Big Scenes

For this project, I was given a small engine as starting code. I improved it and added in Frustum culling, level-of-detail assigned based on pixel height, and simpler shadow calculations.

Here are some videos showing my work:

Third person view
Overhead view

Below is some analysis of each feature and the performance boost it gave.

Before any optimizations : 3.9 fps

Frustum Culling : 4.2 fps

Just frustum culling

Just setting up frustum culling gave an unsubstantial boost to performance. All of these performance screenshots are taken from the same spot. Obviously, frustum culling has the potential for huge performance gains if the majority of the scene is not within your sight. In my simulation, almost everything is in front of you, so frustum culling doesn’t provide much from this spot. Do a 180 though, and everything is culled, providing a huge boost. 

A possible issue with frustum culling is shadows. Frustum culling needs to be in sync with shadows or you might cull something that maybe the player can no longer see, but they should still see the shadow. For instance, a tall building behind you. I wasn’t sure how to tackle this problem and thus didn’t.

Level of detail assignment based on pixel height : 9.0 fps

Level of detail only

I assigned my level of detail based on screen pixel height. A common strategy is to do it based off of distance from the camera, but I didn’t want to deal with varying sizes of objects. Instead, I calculated screen coordinates of the max and min y value of a models bounds, found the difference between them, and divided that by the screenHeight. This provides a more general and portable way to determine level of detail as it is relative to window size rather than specific to your game. It’s a quick and valid way to determine if a user can see something well enough and is actually the way that Unity’s default LOD system determines automatic LOD assignment. All in all, this brought us down to around 3.5 million triangles from 220 million while providing most likely the exact same experience for a player.

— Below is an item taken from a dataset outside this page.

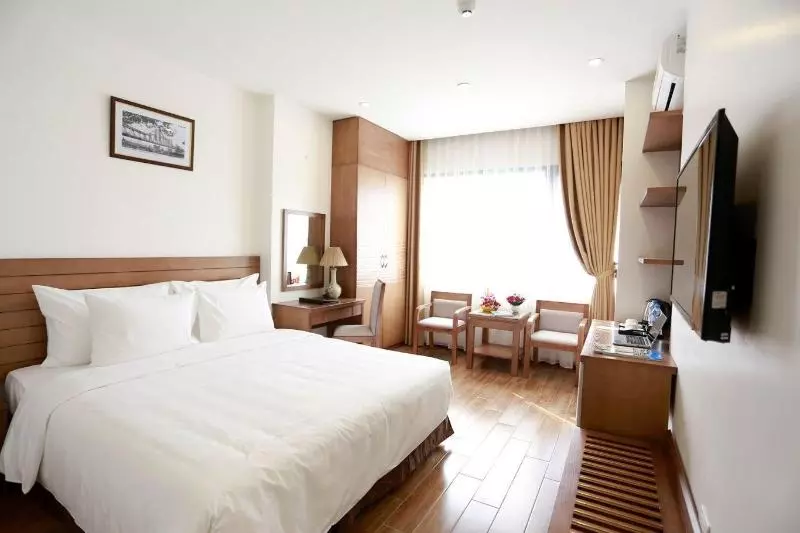Fotos del hotel One:  2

This gave the biggest straight up boost in performance out of any of my ideas. I used for LOD’s:

  • LOD0 : 500,000 triangles
  • LOD1 : 200,000 triangles, 40% of the basic model
  • LOD2 : 25,000 triangles, 5% of the basic model
  • LOD3 : 1,000 triangles, 0.2% of the basic model

These were all pre-generated in Meshlab and are shown below.

The only model that looks drastically different to me is LOD3. I am incredibly impressed with LOD2, looking as great as it does at only 5% of the triangles. LOD3 does look very different and but it’s role is for things that a player can only see silhouettes of, things far away. Still a step up from the boat npcs in Spiderman.

Shadows calculated based on LOD3 mesh : 6.6 fps

Shadows only

This one feels the most hacky. If anything I should have done the shadows based off of LOD2, as LOD3 doesn’t have the most accurate silhouette compared to the original model. However, it brought a big performance boost so I am sure it is part of a common method in game development. Shadows don’t need the same detail as a model; they are just silhouettes. 

This idea cut down shadow triangles from 220 million to just 441 thousand, a bigger triangle savings than Level-of-detail, however they are less useful triangles most likely. Meaning, their colors probably require less computations than triangles used for say your character in a 3rd person game, as games will assume shadows are blackish while doing lots of light calculations on other triangles.

Kind of surprising, but these ideas all combined are much, much better than just a sum of their parts as shown in the below image : 220 fps

Individually

  • Frustum culling provided a 1.07x boost,
  • Level-of-detail provided a 2.3x boost, and
  • Shadows using the LOD3 mesh for calculations provided a 1.69x boost

For a total of a 4.2x boost, or roughly 16fps instead of 3.9

Collectively, however, they boosted the scene to 220fps, or a 56.4x boost in framerate. Which was very interesting to me as they the different optimizations seem to be much greater than a sum of their parts.